Ads to list good, bad tobacco retailers
| Restaurant smoking ban gains support |
By Alice Keesing
Advertiser Health Writer
The Health Department will today begin publishing the names of stores whose clerks were caught selling tobacco to minors in a new campaign to curb the illegal practice.
Since 1996, the department has conducted monthly sting operations with police and cancer researchers in which under 18-year-olds try to buy tobacco products.
But the stings don't appear to have had much effect.
Although store clerks who are caught are fined as much as $500, the number of stores selling tobacco illegally has remained at around 20 percent.
The Health Department wants to cut that to about 10 percent and is adopting a strategy used on the Mainland: publishing the names of stores that follow, or break, the law. The ads will appear in papers across the state every month.
Appearing today are the names of 22 stores whose clerks violated the law and 73 that followed it during December.
The ads will cost about $2,000 a month and are paid for with money the state is receiving from the 1998 settlement with the tobacco industry.

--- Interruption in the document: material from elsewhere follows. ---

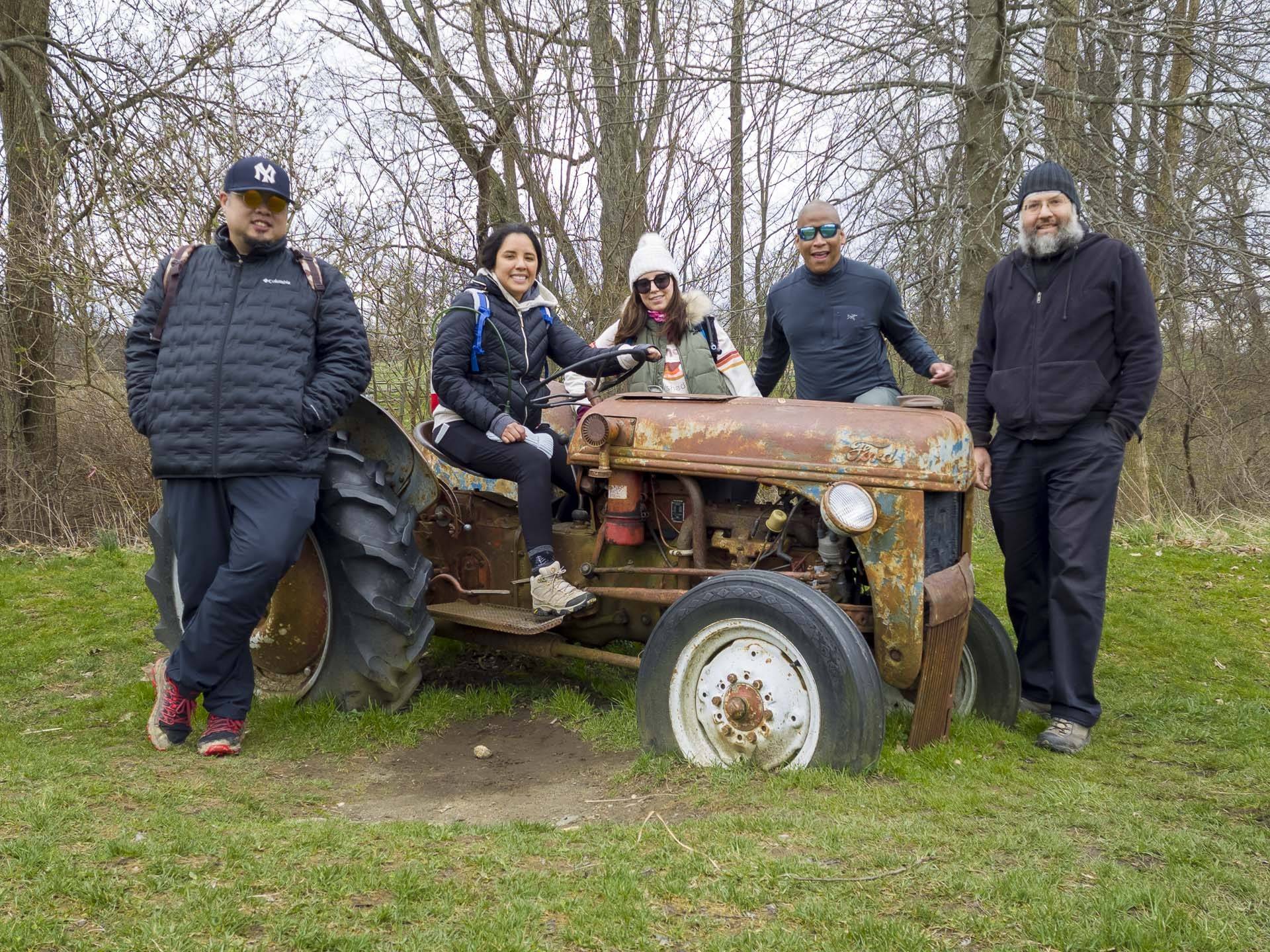 five surrounding a rusting tractor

Julian Lipsher, who heads the department's tobacco prevention program, said the aim is to increase public awareness and vigilance by merchants.
"I think public praise and public shame or awareness is helpful," he said. "I think those merchants that don't sell to the kids will appreciate seeing their name in the paper saying, 'We did fine.'
"Those merchants where clerks were cited in their stores will not feel too good about seeing their name in the paper and perhaps that will cause them to take this issue a bit more seriously."
Stores that were cited range from mom-and-pop stores to large chains.
The department also is stepping up its education efforts, providing training materials and sessions for merchants.